Judith Norton never imagined becoming a purveyor of high-end jam. The partially retired California resident instead spent the bulk of her career creating and writing educational training materials for private companies from the coffee industry to community colleges. Yet now, at 67, Norton finds herself contemplating a different career trajectory: as an entrepreneur who makes and markets low-sugar jam, finished with a splash of spirits. Her jam tastes so good that an Orange County Register food writer listed it as a favorite product for 2013. That's not a bad distinction for a product that Norton considered a hobby until recently.
Norton, like many aging Americans, is not ready to retire in the stereotypical sense—moving to Florida or playing bingo or spending her days shuttling between doctor's appointments. (She says she's way too healthy for that.) Instead, she is thinking about ramping up her jam-making into a small business with a dedicated production space and greater social media presence.
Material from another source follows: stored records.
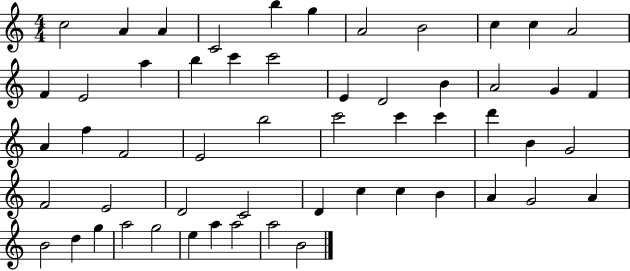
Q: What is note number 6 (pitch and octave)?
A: G5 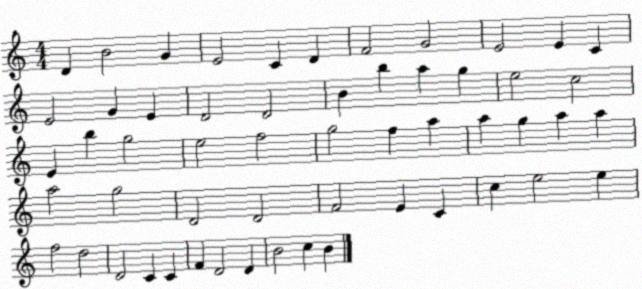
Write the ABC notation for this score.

X:1
T:Untitled
M:4/4
L:1/4
K:C
D B2 G E2 C D F2 G2 E2 E C E2 G E D2 D2 B b a g e2 c2 E b g2 e2 f2 g2 f a a g a a a2 g2 D2 D2 F2 E C c e2 e f2 d2 D2 C C F D2 D B2 c B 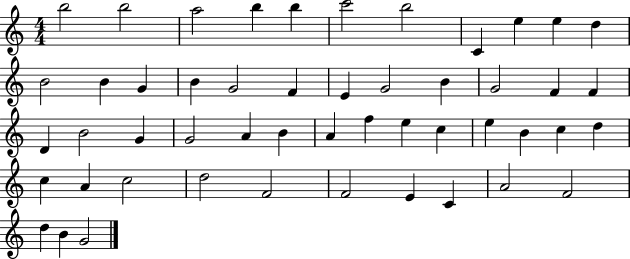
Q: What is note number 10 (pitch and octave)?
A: E5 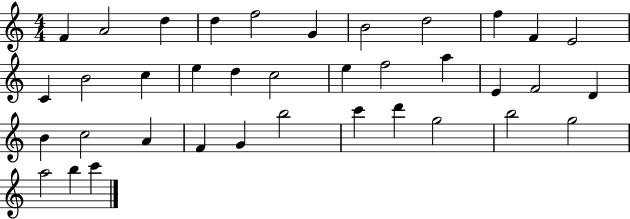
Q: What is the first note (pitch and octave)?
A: F4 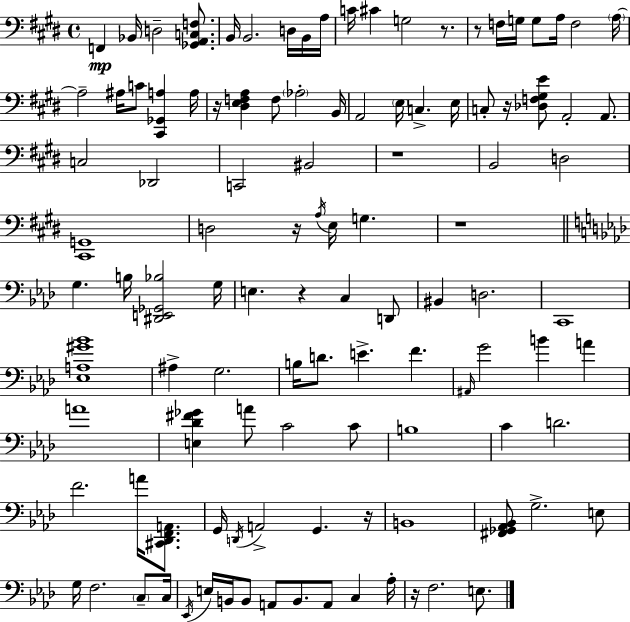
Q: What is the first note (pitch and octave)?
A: F2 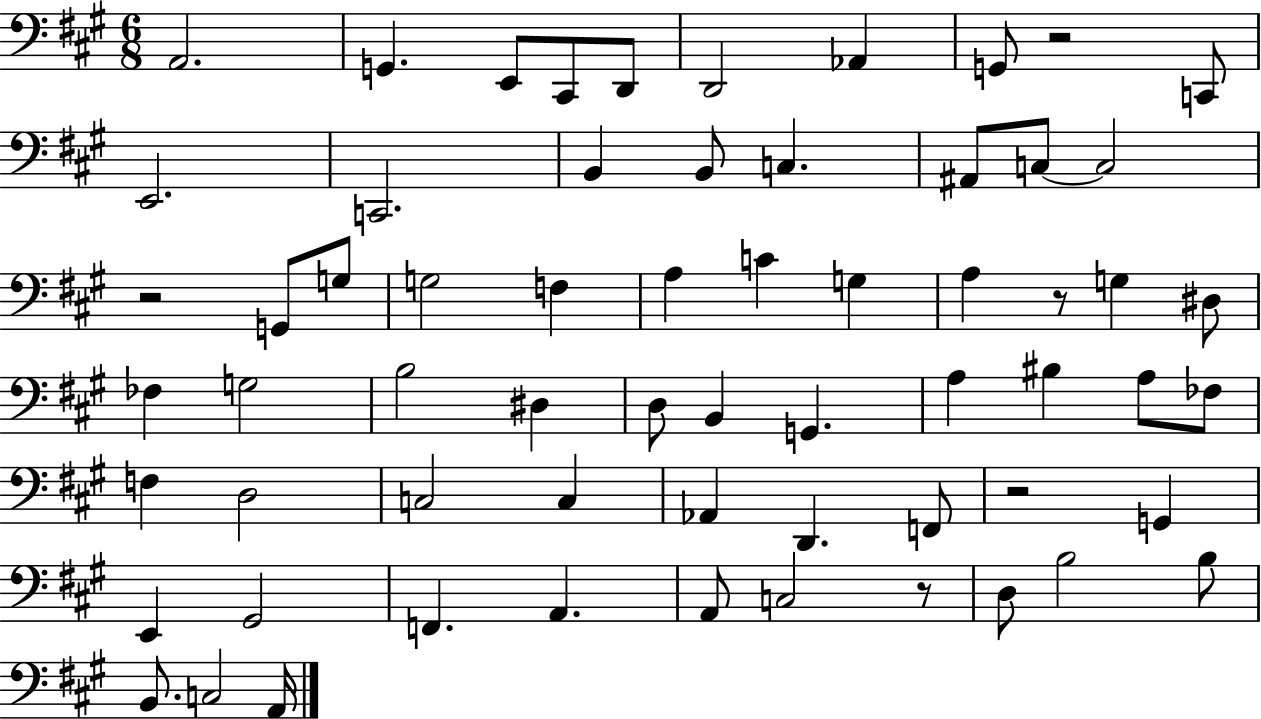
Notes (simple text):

What helped to put her in this entrepreneurial frame of mind? A pilot program from AARP and the Kauffman Foundation that teaches entrepreneurial skills to baby boomers and senior citizens in Orange County and New York as a way to both keep this demographic engaged in the workforce for longer and to provide them with a potentially different way to earn money as they age. "We're trying to stimulate innovation that will benefit people over the age of 50," says Jody Holtzman, senior vice president of thought leadership at AARP, who helped to launch the pilot programs. "It can have a direct impact if people over 50 start companies, hire workers, and pay taxes."
The number of entrepreneurs ages 55 to 64 has only grown over the last decade—busting the myth of entrepreneurship as something solely for young, hotshot, hoodie-wearing risk takers. In 2003, people ages 55 to 64 represented 18.7 percent of all new entrepreneurs, compared with 2013 when their ranks rose to 23.4 percent, according to data from the Kauffman Foundation. New entrepreneurs from this age group now surpass the number of those in the 20-34 age range. "The trend lines are very clear there," says E.J. Reedy, director in research and policy at the Kauffman Foundation. "Most people who go into entrepreneurship have some work history."
The Kauffman Foundation first became interested in catering to the baby boomer and aging entrepreneurial set in 2009, when one of its top researchers, Dane Stangler, predicted a coming entrepreneurial boom among older people. Stangler thought that rising life expectancy, coupled with the huge cohort of baby boomers about to retire and a pretty tough labor market, would drive more people to start firms or work for themselves. His predictions were not off-base. The number of new entrepreneurs between the ages of 55 and 64 continues to grow, compared with the youngest generation (even as the largest share of new entrepreneurs still falls in the age range of 45 to 54).
Armed with about $30,000 in AARP money, the Kauffman Foundation created a business class designed especially for older Americans. The goal was to help baby boomers and senior citizens think through the mechanics of starting a business from scratch: from honing a sales pitch to finding financing to building financial projections and developing a personal brand. At the same time, the class tries to take into account the unique aspects of starting a business as an older worker such as the financial risk and factoring in the desire to eventually retire. "If I'm a boomer and I'm thinking about starting a business, I need to plan my exit as soon as I plan my entrance, unlike a 20-year-old," says Michele Markey, vice president of products and programs at the Kauffman Foundation. So far, about 100 people have attended the pilot classes in New York and Orange County, with AARP offering some scholarships to cover part of the cost.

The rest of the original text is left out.